Department of Home and Territories

Department overview
- Formed: 14 November 1916
- Preceding Department: Department of External Affairs (I) Department of Home Affairs (I);
- Dissolved: 10 December 1928
- Superseding Department: Department of Home Affairs (II) Prime Minister's Department;
- Jurisdiction: Commonwealth of Australia
- Headquarters: Melbourne
- Ministers responsible: Fred Bamford, Minister (1916–1917); Paddy Glynn, Minister (1917–1920); Alexander Poynton, Minister (1920–1921); George Pearce, Minister (1921–1926); Thomas William Glasgow, Minister (1926–1927); Charles Marr, Minister (1927–1928); Neville Howse, Minister (1928); Aubrey Abbott, Minister (1928);
- Department executives: Atlee Hunt, Secretary (1916–1921); John McLaren, Secretary (1921–1928); William Clemens, Secretary (1928);

= Department of Home and Territories =

Australian government department, 1916–1928

The Department of Home and Territories was an Australian government department which existed between November 1916 and December 1928.

==Scope==
Information about the department's functions and government funding allocation could be found in the Administrative Arrangements Orders, the annual Portfolio Budget Statements and in the Department's annual reports.
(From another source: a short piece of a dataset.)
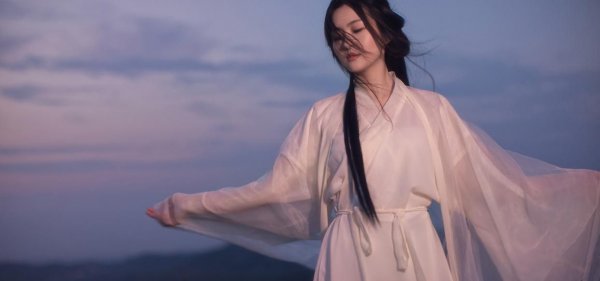 夸赞女人气质优雅的诗词名句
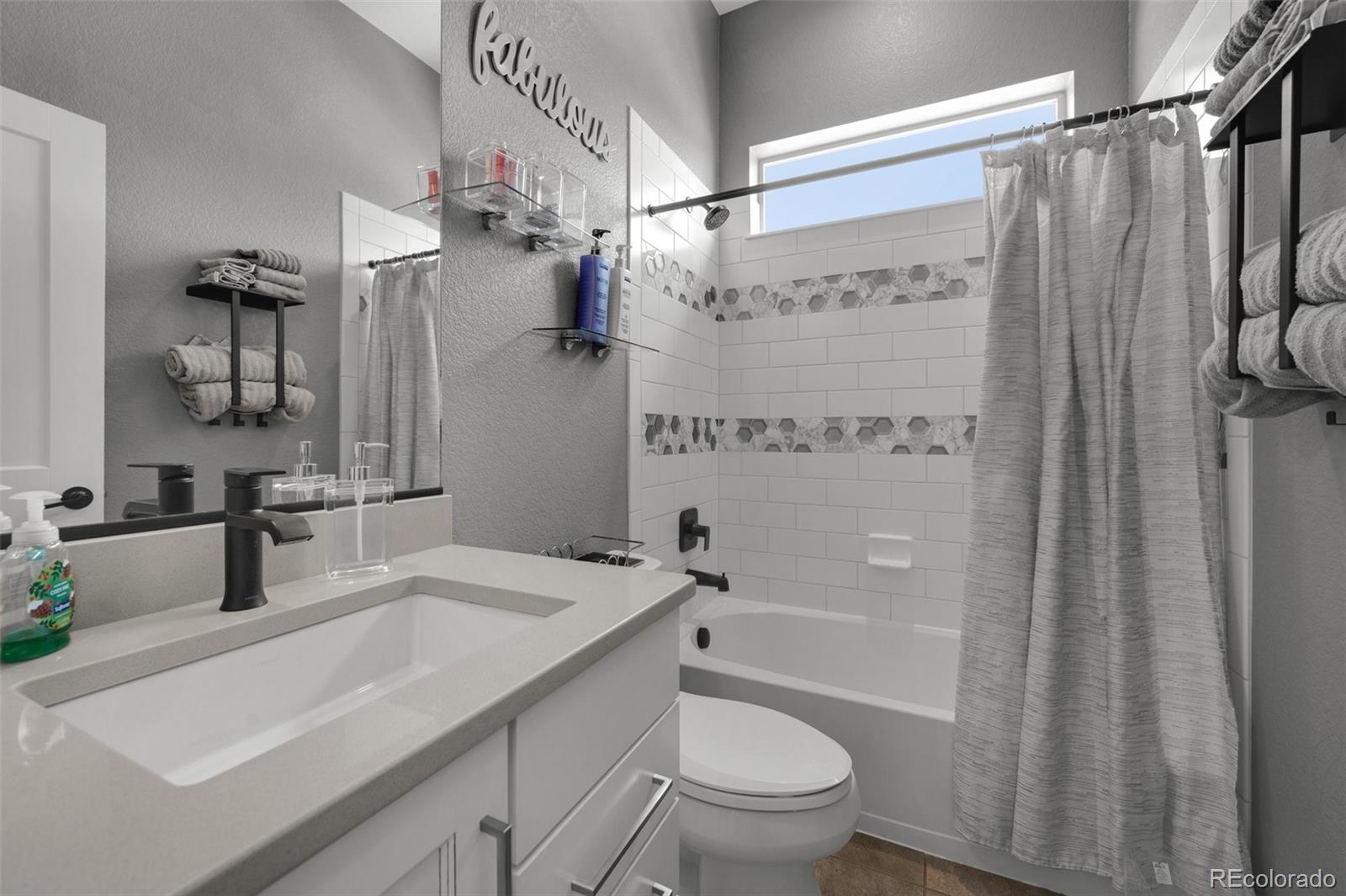 MLS Image #5 for 1992  walnut creek court,colorado springs, Colorado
At its creation, the Department dealt with:
- Astronomy
- Census and statistics
- Elections
- Franchise
- Immigration and emigration
- Influx of criminals
- Lands and surveys
- Meteorology
- Naturalization and aliens
- Pearl shelling and trepang fisheries in Australian waters beyond territorial limits
- People of races (other than the Aboriginal races in any state) for whom it is deemed necessary to make special laws
- Seat of government
- Territories forming part of the Commonwealth

==Structure==
The Department was an Australian Public Service department, staffed by officials who were responsible to the Minister for Home and Territories.